(Beginning of Records)

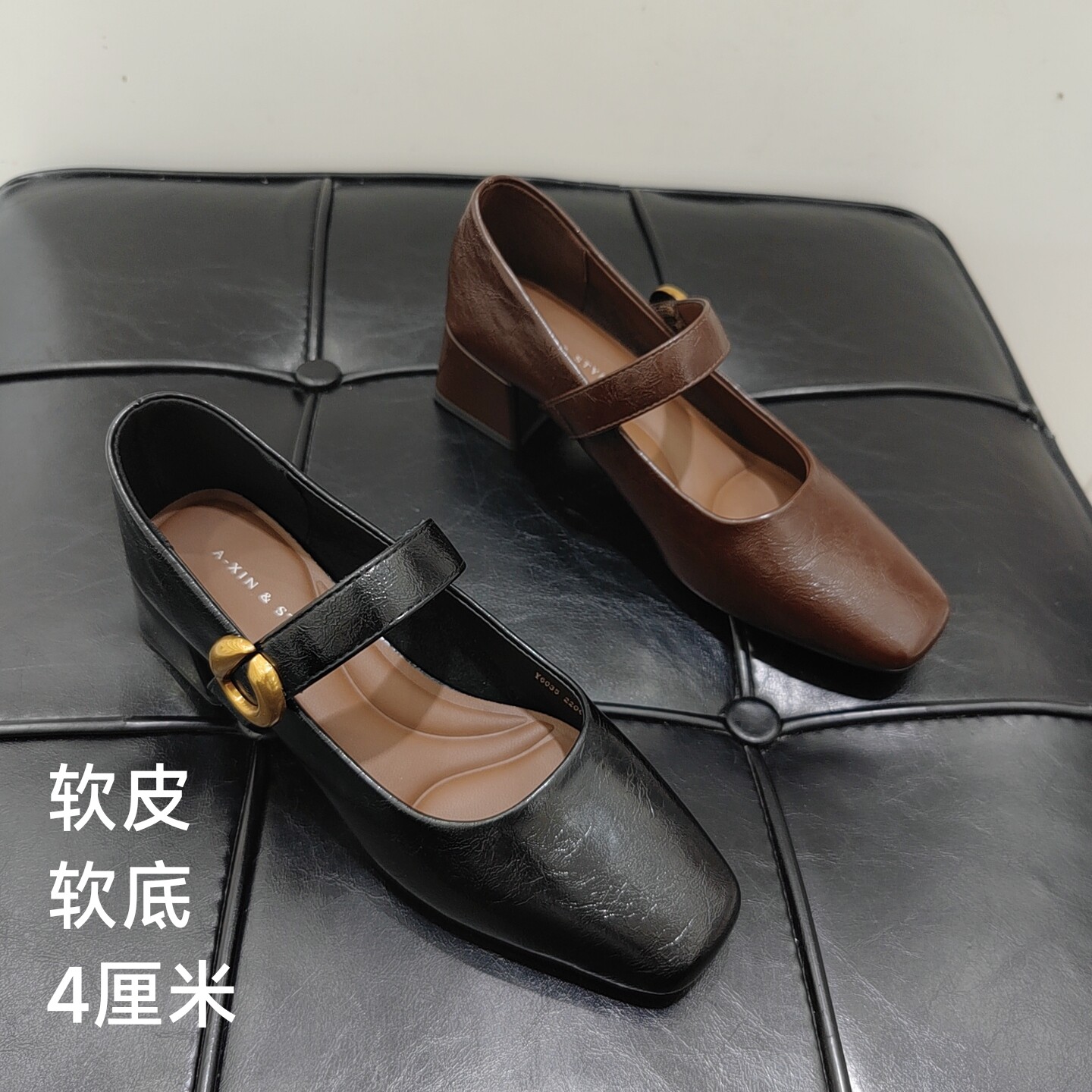 6035软皮玛丽珍鞋女2025新款百搭软底浅口单鞋粗跟上班工作鞋百搭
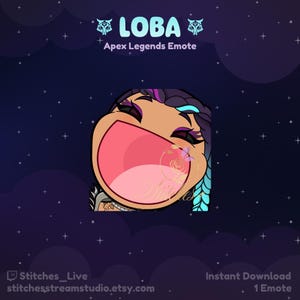 Puede incluir: Una ilustración digital de un personaje de dibujos animados con cabello morado y una gran boca abierta, riendo. El personaje es del videojuego Apex Legends. El texto "LOBA" y "Apex Legends Emote" se muestra sobre el personaje. El fondo es azul oscuro con estrellas blancas.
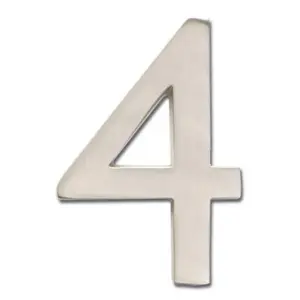 212 MAIN 5 in. Satin Nickel Solid Cast Brass Floating Metal House Number 4, Home Improvement Address Sign, Home Decor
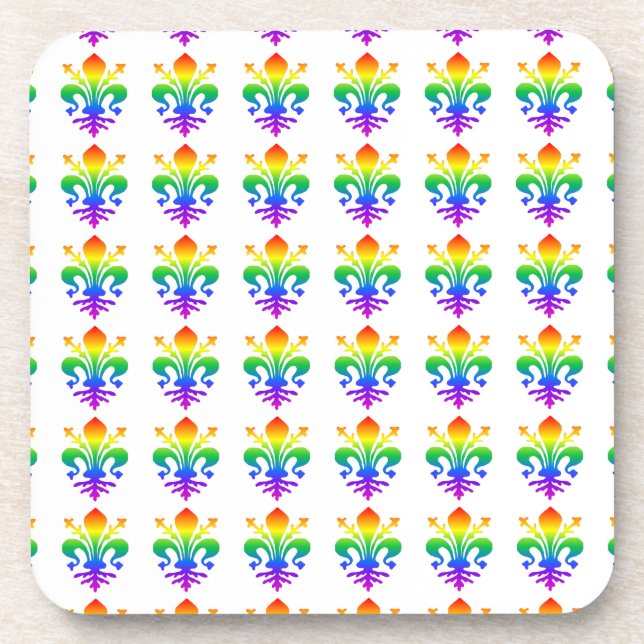 Rainbow Fleur-de-lis Coaster (Front)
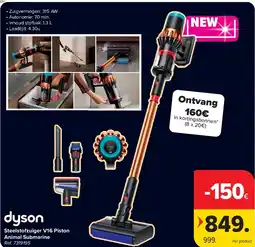 Carrefour Steelstofzuiger V16 Piston Animal Submarine aanbieding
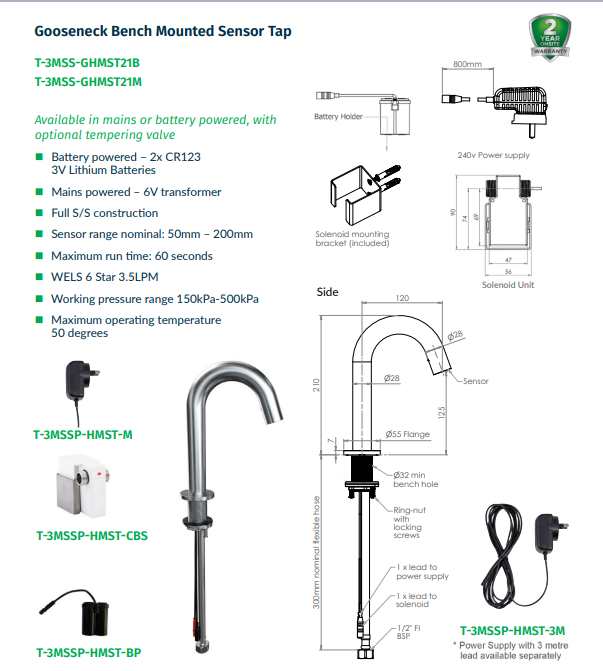 Gooseneck Hob Mounted Infrared Sensor Tap. Battery Powered - HD reno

(End of Records)

**Problem statement**. Your answer should be the lines from the first record down to the line containing "Carrefour Steelstofzuiger V16", restated exactly, with no pictures.

**Result**.
 6035软皮玛丽珍鞋女2025新款百搭软底浅口单鞋粗跟上班工作鞋百搭
 Puede incluir: Una ilustración digital de un personaje de dibujos animados con cabello morado y una gran boca abierta, riendo. El personaje es del videojuego Apex Legends. El texto "LOBA" y "Apex Legends Emote" se muestra sobre el personaje. El fondo es azul oscuro con estrellas blancas.
 212 MAIN 5 in. Satin Nickel Solid Cast Brass Floating Metal House Number 4, Home Improvement Address Sign, Home Decor
 Rainbow Fleur-de-lis Coaster (Front)
 Carrefour Steelstofzuiger V16 Piston Animal Submarine aanbieding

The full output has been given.